> **TASK DESCRIPTION**:
Print the listing in its entirety and exactly, leaving out images.
##### THE DATA #####
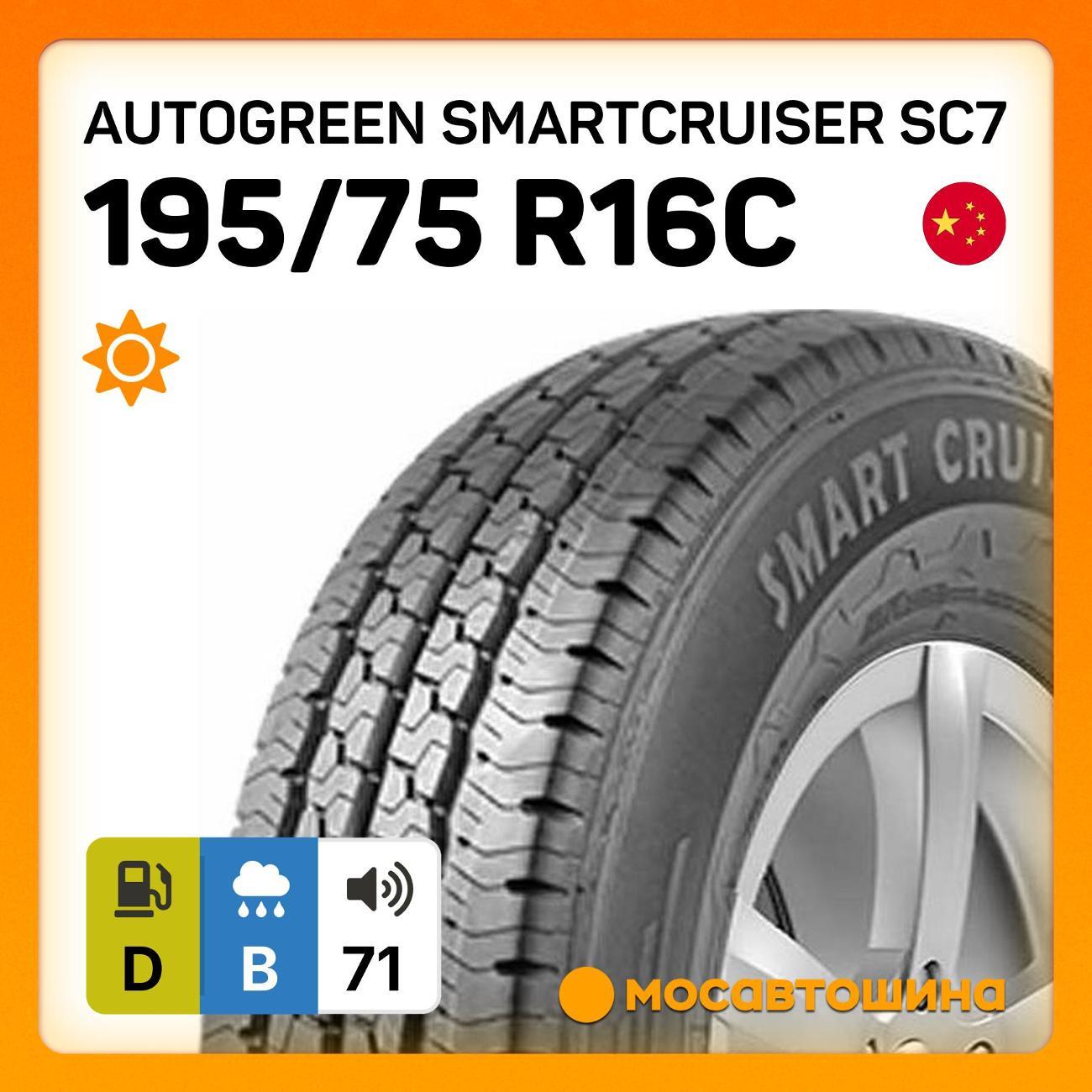 Шина автомобильная Autogreen SmartCruiser SC7 195/75 R16C 107/105R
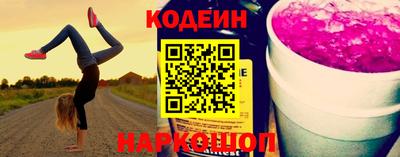 наркотики Севастополь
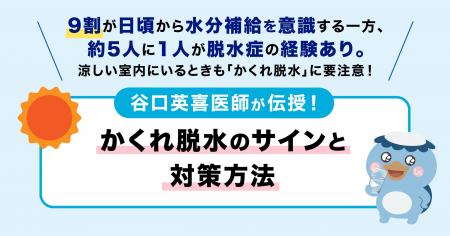 9割が日頃から水分補給を意識している一方、約5人に1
#####
> **PROBLEM SOLUTION**:
 Шина автомобильная Autogreen SmartCruiser SC7 195/75 R16C 107/105R
 наркотики Севастополь
 9割が日頃から水分補給を意識している一方、約5人に1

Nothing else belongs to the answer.